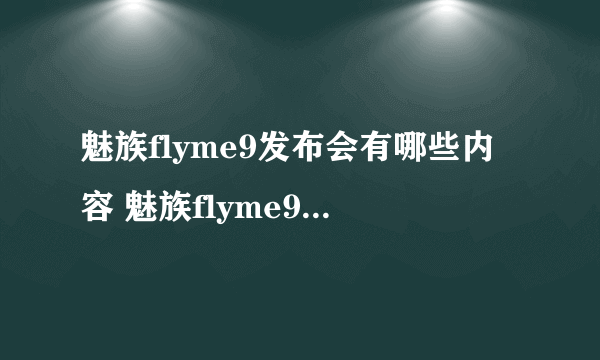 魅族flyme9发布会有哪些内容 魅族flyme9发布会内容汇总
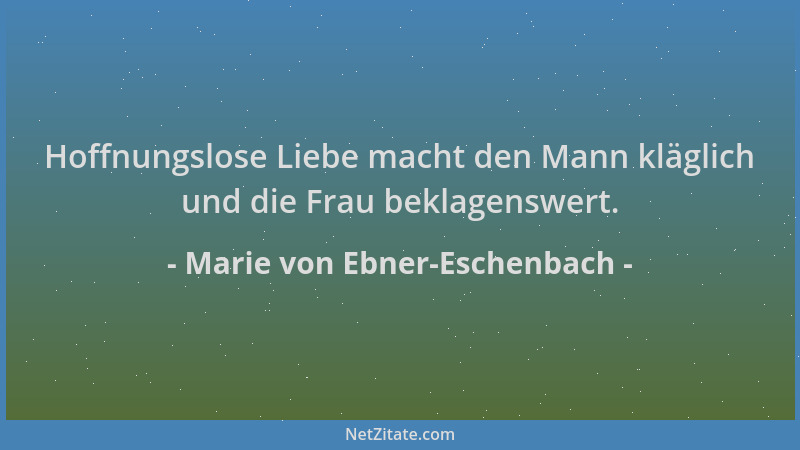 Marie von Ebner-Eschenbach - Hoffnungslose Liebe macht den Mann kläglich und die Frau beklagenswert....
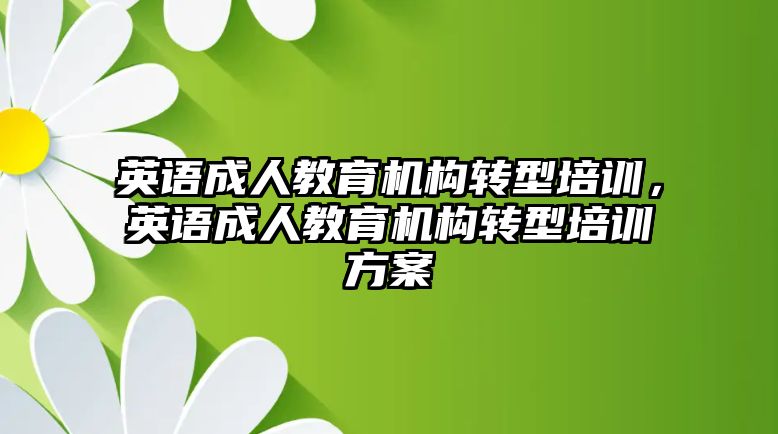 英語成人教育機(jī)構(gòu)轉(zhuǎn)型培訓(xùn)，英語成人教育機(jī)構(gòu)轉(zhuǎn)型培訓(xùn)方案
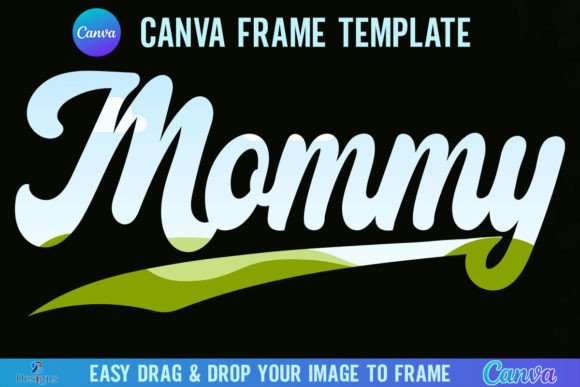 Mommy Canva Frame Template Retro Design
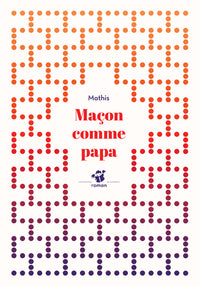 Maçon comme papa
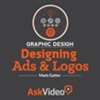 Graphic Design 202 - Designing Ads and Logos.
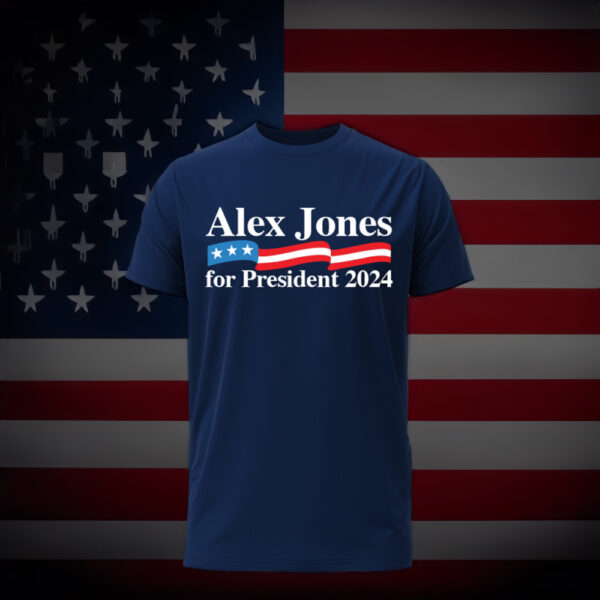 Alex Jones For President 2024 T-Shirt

◆ ◆ ◆ ◆ ◆

Problem to solve:
Begin with the line that contains "Marie von Ebner-Eschenbach" and copy every line through the end of the listing, exactly as written, both ends included. Pictures are not part of the copy.

Answer to this problem:
 Marie von Ebner-Eschenbach - Hoffnungslose Liebe macht den Mann kläglich und die Frau beklagenswert....
 英語成人教育機(jī)構(gòu)轉(zhuǎn)型培訓(xùn)，英語成人教育機(jī)構(gòu)轉(zhuǎn)型培訓(xùn)方案
 Mommy Canva Frame Template Retro Design
 Maçon comme papa
 Graphic Design 202 - Designing Ads and Logos.
 Alex Jones For President 2024 T-Shirt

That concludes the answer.